++++ PROVIDED MATERIAL

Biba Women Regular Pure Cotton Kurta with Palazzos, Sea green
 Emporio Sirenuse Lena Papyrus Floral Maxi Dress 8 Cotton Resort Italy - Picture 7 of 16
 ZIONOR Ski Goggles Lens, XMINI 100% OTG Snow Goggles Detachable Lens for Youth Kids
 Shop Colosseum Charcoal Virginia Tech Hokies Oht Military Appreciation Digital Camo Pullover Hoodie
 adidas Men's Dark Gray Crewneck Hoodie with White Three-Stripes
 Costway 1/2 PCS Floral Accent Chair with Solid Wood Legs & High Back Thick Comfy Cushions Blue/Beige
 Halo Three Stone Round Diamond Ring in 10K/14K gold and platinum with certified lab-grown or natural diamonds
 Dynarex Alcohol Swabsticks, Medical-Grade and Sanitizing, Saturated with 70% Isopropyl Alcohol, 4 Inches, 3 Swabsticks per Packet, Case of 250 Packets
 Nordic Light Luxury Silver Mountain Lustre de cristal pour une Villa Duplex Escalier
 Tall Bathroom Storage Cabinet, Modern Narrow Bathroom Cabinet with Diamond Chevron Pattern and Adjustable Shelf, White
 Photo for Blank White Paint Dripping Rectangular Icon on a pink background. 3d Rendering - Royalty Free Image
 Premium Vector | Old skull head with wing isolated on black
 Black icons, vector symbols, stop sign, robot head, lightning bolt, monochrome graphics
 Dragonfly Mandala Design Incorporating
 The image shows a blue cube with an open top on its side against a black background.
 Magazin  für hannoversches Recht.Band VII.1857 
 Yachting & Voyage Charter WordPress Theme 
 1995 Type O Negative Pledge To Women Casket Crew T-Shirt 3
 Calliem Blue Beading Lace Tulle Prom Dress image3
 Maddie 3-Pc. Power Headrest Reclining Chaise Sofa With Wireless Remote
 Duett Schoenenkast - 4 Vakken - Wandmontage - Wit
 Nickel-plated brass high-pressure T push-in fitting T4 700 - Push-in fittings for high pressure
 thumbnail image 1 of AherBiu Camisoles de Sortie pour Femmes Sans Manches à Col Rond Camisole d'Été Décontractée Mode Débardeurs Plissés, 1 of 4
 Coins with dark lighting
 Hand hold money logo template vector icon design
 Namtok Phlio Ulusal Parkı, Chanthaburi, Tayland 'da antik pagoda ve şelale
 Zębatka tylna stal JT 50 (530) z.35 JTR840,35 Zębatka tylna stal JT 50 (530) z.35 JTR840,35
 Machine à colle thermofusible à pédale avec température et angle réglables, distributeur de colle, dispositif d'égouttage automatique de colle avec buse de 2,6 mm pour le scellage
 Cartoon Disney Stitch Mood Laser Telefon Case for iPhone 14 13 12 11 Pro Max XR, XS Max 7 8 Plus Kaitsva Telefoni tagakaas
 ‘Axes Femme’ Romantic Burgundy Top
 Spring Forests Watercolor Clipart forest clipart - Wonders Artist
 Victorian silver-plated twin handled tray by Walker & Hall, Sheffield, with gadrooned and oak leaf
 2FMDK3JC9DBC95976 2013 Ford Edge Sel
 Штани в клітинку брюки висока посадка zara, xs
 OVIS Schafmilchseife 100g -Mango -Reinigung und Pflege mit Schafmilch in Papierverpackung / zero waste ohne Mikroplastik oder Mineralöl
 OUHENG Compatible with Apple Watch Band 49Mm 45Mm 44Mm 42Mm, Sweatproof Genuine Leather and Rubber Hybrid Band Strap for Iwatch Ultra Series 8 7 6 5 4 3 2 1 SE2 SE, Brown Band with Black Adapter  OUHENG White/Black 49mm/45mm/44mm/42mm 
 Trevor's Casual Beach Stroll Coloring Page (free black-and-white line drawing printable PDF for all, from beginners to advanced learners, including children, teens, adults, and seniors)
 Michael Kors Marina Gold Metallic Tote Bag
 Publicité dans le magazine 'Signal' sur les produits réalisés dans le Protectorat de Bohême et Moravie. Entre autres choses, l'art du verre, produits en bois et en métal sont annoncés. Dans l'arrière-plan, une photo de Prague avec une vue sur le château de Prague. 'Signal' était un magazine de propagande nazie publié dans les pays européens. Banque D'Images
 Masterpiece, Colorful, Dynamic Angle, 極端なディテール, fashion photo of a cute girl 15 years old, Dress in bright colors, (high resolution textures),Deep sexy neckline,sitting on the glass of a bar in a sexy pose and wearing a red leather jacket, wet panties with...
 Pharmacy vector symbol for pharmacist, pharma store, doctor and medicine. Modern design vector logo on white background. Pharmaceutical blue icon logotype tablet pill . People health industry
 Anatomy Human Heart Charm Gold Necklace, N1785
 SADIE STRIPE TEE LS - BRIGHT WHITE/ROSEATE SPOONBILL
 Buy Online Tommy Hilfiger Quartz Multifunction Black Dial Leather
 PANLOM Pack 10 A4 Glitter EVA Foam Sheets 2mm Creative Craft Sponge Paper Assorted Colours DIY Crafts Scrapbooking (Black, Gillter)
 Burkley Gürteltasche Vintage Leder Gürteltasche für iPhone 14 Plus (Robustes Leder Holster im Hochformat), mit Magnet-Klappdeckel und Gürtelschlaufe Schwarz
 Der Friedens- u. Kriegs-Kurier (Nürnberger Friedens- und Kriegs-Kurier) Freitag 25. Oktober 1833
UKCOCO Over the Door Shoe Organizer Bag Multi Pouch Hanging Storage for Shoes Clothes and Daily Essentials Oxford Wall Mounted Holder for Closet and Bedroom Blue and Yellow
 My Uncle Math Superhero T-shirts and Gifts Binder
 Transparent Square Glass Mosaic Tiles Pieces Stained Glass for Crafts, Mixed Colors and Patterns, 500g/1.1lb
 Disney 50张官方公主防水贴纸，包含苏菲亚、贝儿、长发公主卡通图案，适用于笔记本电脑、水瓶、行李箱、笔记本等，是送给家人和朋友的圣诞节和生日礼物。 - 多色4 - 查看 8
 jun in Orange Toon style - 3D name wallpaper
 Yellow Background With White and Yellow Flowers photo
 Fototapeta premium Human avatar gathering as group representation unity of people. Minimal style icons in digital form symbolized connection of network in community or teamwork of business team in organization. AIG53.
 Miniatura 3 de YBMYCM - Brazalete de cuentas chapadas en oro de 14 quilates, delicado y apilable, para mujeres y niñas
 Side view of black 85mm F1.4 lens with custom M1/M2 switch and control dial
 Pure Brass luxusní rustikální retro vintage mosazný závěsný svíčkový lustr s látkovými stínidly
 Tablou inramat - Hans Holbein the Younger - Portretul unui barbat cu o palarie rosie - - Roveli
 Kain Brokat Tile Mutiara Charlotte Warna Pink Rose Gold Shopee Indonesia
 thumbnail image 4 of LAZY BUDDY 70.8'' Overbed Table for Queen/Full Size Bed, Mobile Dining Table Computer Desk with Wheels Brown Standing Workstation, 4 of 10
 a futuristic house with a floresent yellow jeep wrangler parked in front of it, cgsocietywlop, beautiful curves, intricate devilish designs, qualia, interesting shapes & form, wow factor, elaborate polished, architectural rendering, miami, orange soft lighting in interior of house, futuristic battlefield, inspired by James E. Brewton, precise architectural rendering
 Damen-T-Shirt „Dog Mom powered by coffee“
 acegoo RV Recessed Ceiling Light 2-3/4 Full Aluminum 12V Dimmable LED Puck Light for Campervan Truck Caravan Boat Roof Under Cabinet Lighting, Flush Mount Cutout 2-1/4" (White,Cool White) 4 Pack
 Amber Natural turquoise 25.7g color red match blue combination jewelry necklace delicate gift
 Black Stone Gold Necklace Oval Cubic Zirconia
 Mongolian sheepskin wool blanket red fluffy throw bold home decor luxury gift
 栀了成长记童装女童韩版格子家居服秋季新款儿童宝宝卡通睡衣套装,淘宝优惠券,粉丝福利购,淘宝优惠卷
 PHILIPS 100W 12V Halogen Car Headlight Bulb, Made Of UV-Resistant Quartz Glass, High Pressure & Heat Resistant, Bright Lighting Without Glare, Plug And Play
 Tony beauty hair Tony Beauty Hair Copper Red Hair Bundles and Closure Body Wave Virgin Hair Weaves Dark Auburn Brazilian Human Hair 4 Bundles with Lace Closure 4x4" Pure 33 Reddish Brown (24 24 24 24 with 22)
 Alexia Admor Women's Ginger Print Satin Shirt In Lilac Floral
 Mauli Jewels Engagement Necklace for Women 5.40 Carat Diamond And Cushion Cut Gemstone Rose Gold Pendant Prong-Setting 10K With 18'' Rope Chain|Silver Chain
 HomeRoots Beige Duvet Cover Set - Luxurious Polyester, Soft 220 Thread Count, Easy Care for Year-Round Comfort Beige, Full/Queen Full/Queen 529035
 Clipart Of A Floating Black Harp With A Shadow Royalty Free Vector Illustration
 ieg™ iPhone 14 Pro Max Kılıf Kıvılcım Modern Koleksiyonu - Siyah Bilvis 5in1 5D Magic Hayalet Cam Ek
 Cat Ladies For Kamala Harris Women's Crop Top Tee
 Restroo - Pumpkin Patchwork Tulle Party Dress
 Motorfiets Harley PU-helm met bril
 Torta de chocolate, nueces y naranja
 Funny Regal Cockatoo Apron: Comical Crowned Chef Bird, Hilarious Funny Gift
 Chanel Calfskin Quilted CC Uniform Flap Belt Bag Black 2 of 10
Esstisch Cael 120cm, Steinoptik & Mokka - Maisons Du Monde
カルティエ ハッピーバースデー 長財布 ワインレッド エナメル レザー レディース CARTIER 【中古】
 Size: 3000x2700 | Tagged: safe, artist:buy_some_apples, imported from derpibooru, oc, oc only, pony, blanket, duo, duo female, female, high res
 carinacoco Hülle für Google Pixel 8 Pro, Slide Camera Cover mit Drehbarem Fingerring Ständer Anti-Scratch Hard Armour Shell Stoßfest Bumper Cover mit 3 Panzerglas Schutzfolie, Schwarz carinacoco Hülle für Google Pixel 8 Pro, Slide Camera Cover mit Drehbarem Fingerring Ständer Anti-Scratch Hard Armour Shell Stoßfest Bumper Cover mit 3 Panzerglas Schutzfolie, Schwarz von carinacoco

++++++++

WHAT IS NEEDED: Look back at the entries above. Retype the line with "Spring Forests Watercolor", the line with "PANLOM Pack 10", and all lines in between.

RESULT OF THIS EXERCISE:
 Spring Forests Watercolor Clipart forest clipart - Wonders Artist
 Victorian silver-plated twin handled tray by Walker & Hall, Sheffield, with gadrooned and oak leaf
 2FMDK3JC9DBC95976 2013 Ford Edge Sel
 Штани в клітинку брюки висока посадка zara, xs
 OVIS Schafmilchseife 100g -Mango -Reinigung und Pflege mit Schafmilch in Papierverpackung / zero waste ohne Mikroplastik oder Mineralöl
 OUHENG Compatible with Apple Watch Band 49Mm 45Mm 44Mm 42Mm, Sweatproof Genuine Leather and Rubber Hybrid Band Strap for Iwatch Ultra Series 8 7 6 5 4 3 2 1 SE2 SE, Brown Band with Black Adapter  OUHENG White/Black 49mm/45mm/44mm/42mm 
 Trevor's Casual Beach Stroll Coloring Page (free black-and-white line drawing printable PDF for all, from beginners to advanced learners, including children, teens, adults, and seniors)
 Michael Kors Marina Gold Metallic Tote Bag
 Publicité dans le magazine 'Signal' sur les produits réalisés dans le Protectorat de Bohême et Moravie. Entre autres choses, l'art du verre, produits en bois et en métal sont annoncés. Dans l'arrière-plan, une photo de Prague avec une vue sur le château de Prague. 'Signal' était un magazine de propagande nazie publié dans les pays européens. Banque D'Images
 Masterpiece, Colorful, Dynamic Angle, 極端なディテール, fashion photo of a cute girl 15 years old, Dress in bright colors, (high resolution textures),Deep sexy neckline,sitting on the glass of a bar in a sexy pose and wearing a red leather jacket, wet panties with...
 Pharmacy vector symbol for pharmacist, pharma store, doctor and medicine. Modern design vector logo on white background. Pharmaceutical blue icon logotype tablet pill . People health industry
 Anatomy Human Heart Charm Gold Necklace, N1785
 SADIE STRIPE TEE LS - BRIGHT WHITE/ROSEATE SPOONBILL
 Buy Online Tommy Hilfiger Quartz Multifunction Black Dial Leather
 PANLOM Pack 10 A4 Glitter EVA Foam Sheets 2mm Creative Craft Sponge Paper Assorted Colours DIY Crafts Scrapbooking (Black, Gillter)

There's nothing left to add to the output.